Сидро не отвечал на ругательства Кривого Жозе, но, ободряемый улыбками Арренеги, продолжал с вызовом смотреть своему недругу прямо в глаза.

— А кто вам сказал, что это письмо вашей дочке писано? — вдруг нашелся Жеронимо.

— Вот-вот, кто это вам сказал? — эхом поддержал приятеля Сидро.

— А оно у ней в кармане было. И разве не ты его писал, ну говори, разве не ты?

— А ежели и я, так что с того? Может, она просто подобрала чужое письмо. Разве там есть ее имя?

— Ты мне зубы не заговаривай. К дьяволу его, это письмо! Ты мне лучше скажи, куда ты меня послал, иль ты и тут будешь выкручиваться?

— Да что он вам такого сказал? Что вы к нему прицепились? — тщетно пытался урезонить старосту Арренега.

Но тут появился управляющий. Кривой Жозе настоял-таки, чтобы тот вмешался, — мол, доколе мирволить этому дебоширу, который позволяет себе измываться над почтенным отцом семейства?

Управляющий, слушая сетования старосты, думал про себя: «Спору нет, Кривой Жозе сам изрядная язва, вечно он всех честит, но только ежели старостам не пособлять друг дружке да не держаться заодно, разве они справятся с этим оголтелым сбродом? К тому же этот музыкантишка водит компанию с братьями Арренега, а те — жулики известные, и коли бы мир устроен был по справедливости, они давно угодили бы на каторгу».

Управляющий и без того был зол: утром приехал хозяин толковать об урожае (дела шли из рук вон плохо, самое большее наберется сам-семь), а тут еще возись с этими бузотерами — поневоле голова кругом пойдет, А хуже всего то, что сюда замешались братья Арренега. По правде сказать, он предпочел бы с ними не связываться, ведь они, дьяволы, разнесут эту историю по всей Лезирии.

Тут кое-кто из батраков смекнул, что с управляющим шутки плохи, и у Кривого Жозе сразу нашлись заступники: негоже, мол, мальчишке-молокососу так разговаривать со старостой.

Разумеется, похвального тут было мало, и управляющий здорово их отчитал. Сидро и самого совесть мучила, и он уж было собрался идти к старосте с повинной, да испугался, что проклятое заикание опять его подведет. Арренега, тот стоял на своем и начисто отрицал их вину:

— Можете жаловаться хозяину сколько угодно, а только виноват староста, и все тут. И пусть меня выгонят вон, я и сам здесь больше ни часа не останусь.

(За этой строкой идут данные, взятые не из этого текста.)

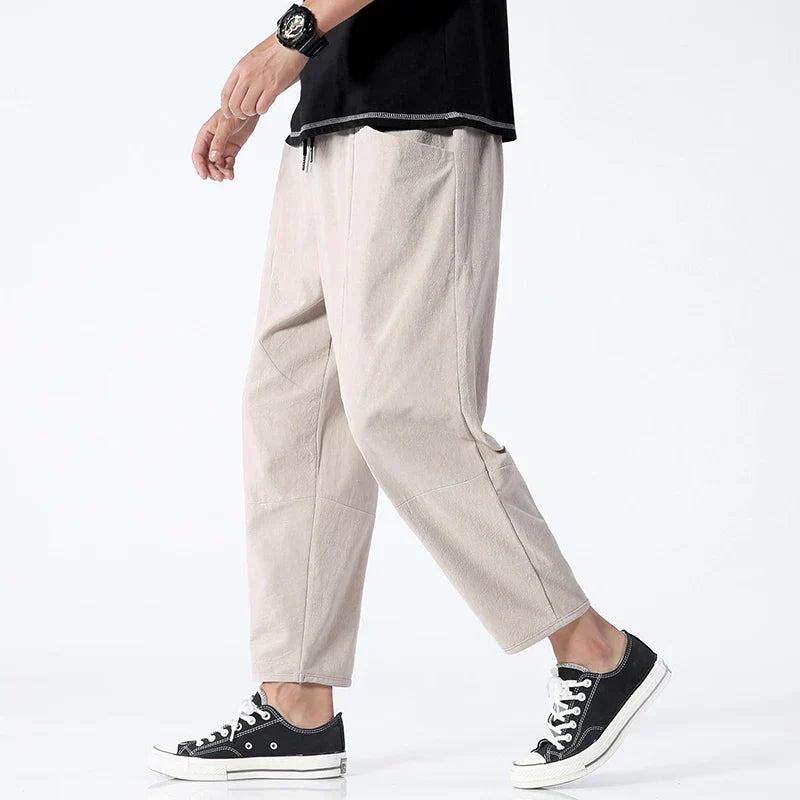 Jakob – Leinenhose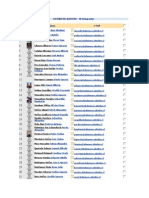 Lista Alumnos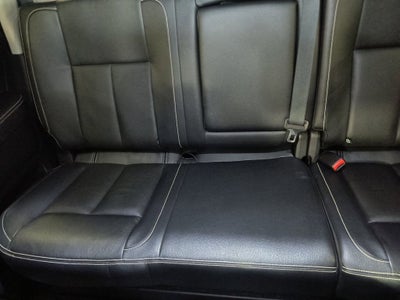 2019 Nissan TITAN PRO-4X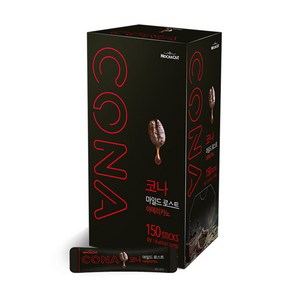 CONA 마일드로스트 아메리카노 원두커피믹스, 900mg, 150개입, 1개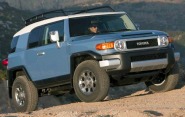 2012 Toyota FJ Cruiser SUV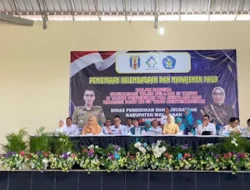 Bupati Ayu Asalasiyah Tegaskan PAUD Sebagai Fondasi Generasi Emas Indonesia
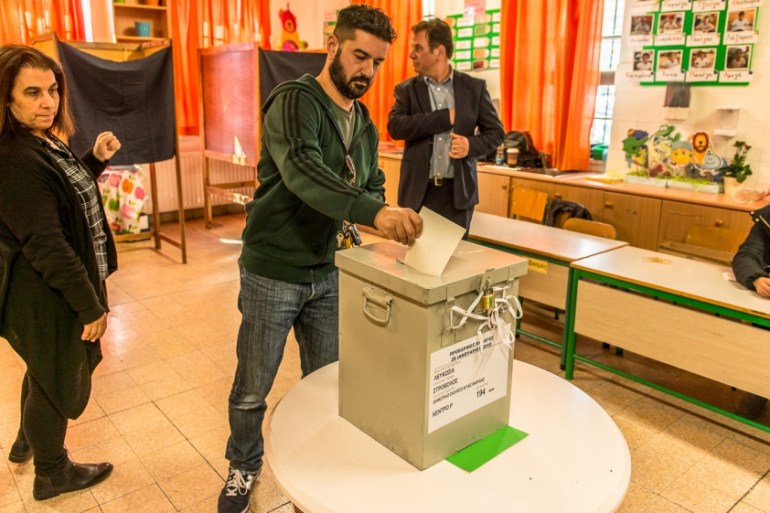 Cyprus presidential election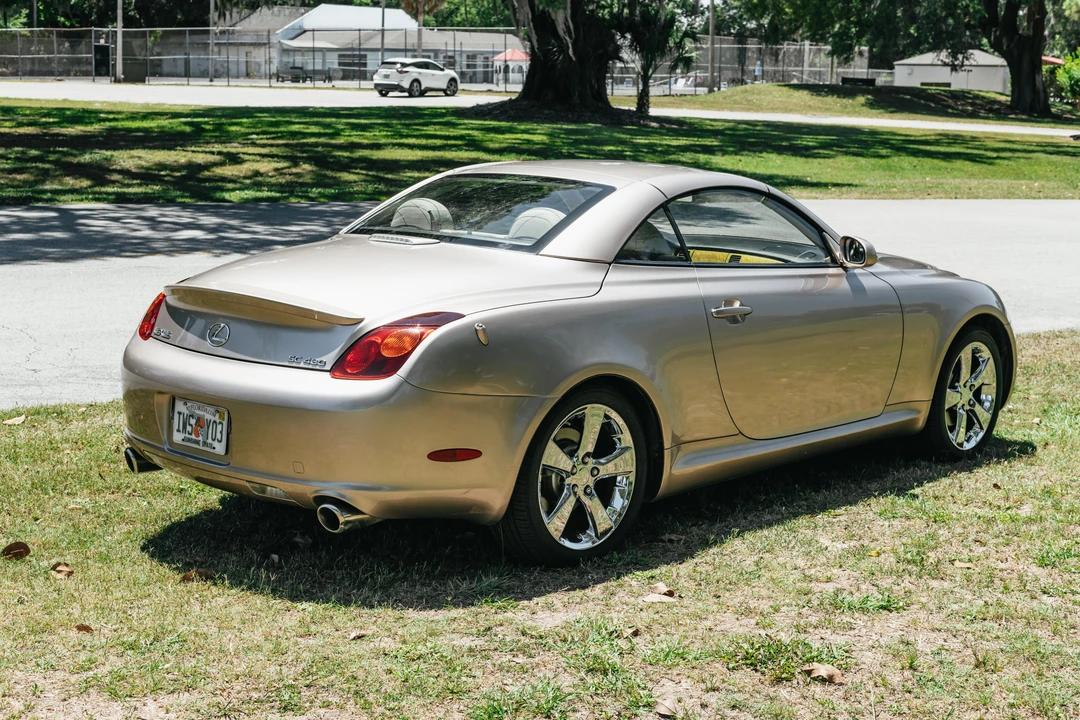 2003 Lexus SC430 - Image 23 of 31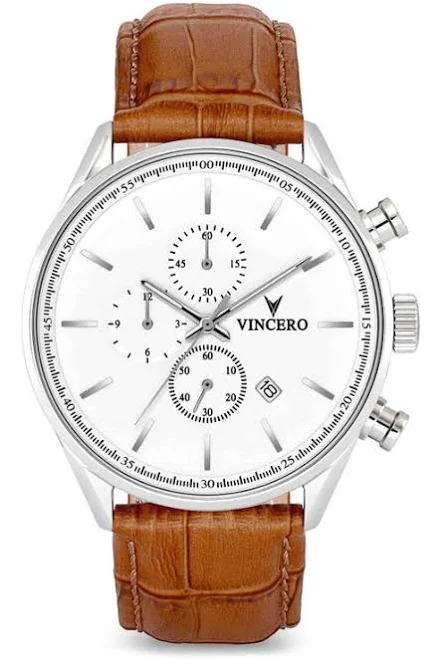Vincero Men's The Chrono S2 Chronograph Watch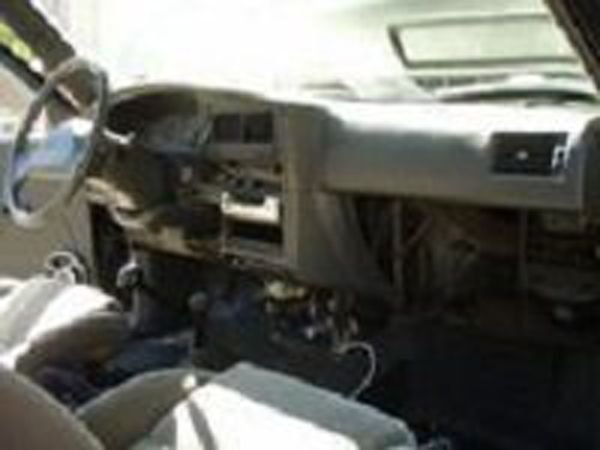 Toyota 4Runner Repairing heater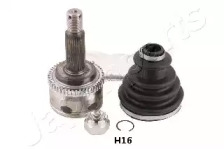 GIH16 JAPANPARTS JAPANPARTS HYUNDAI ШРКШ зовнішній к-кт i30,Kia Ceed 1.4/1.6 06-
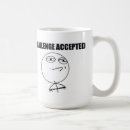 Recherche de défi tasses Rage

Управляющий даже опешил от его натиска и в растерянности пробормотал:

— Ну хорошо, хорошо, а что это за Камоэнс, про которого вы тут все поминали?

Во всех трех артелях толковали об этом таинственном Камоэнсе, и все терялись в догадках, кто бы это мог быть? Сошлись на том, что это, верно, какая-нибудь шутка, не иначе как Арренега просто всем морочил голову.

Едва парни предстали перед хозяином Агостиньо Серра, тот обратился к Рыжику:

— Ты, парень, не сын ли будешь Кукурузному Початку?

— Да, я его сын, хозяин, — ответил Сидро, просияв.

— То-то я смотрю, больно ты похож на него, прямо вылитый. Покойник не дурак был выпить, но уж по части лошадей второго такого не сыскать. Ну, так с чем же ты ко мне пожаловал?

Потерпевший староста пустился было в объяснения, но Агостиньо Серра, поморщившись, остановил его, недовольный его вмешательством. Кривой Жозе от злости аж побелел, но сдержался и промолчал. А хозяин опять к Рыжику:

— Ну, парень, рассказывай, в чем дело.

Сидро, по своему обыкновению с трудом проталкивая слова, — каждое выскакивало, как пробка из бутылки, когда ее штопором открываешь, — начал, что, дескать, все просили его письма писать; кто о чем просил, про то он и писал, а потом староста нашел у своей дочки в кармане письмо и давай поносить его, Сидро, по-всякому, мол, не иначе как это он, такой-сякой, ей письмо написал.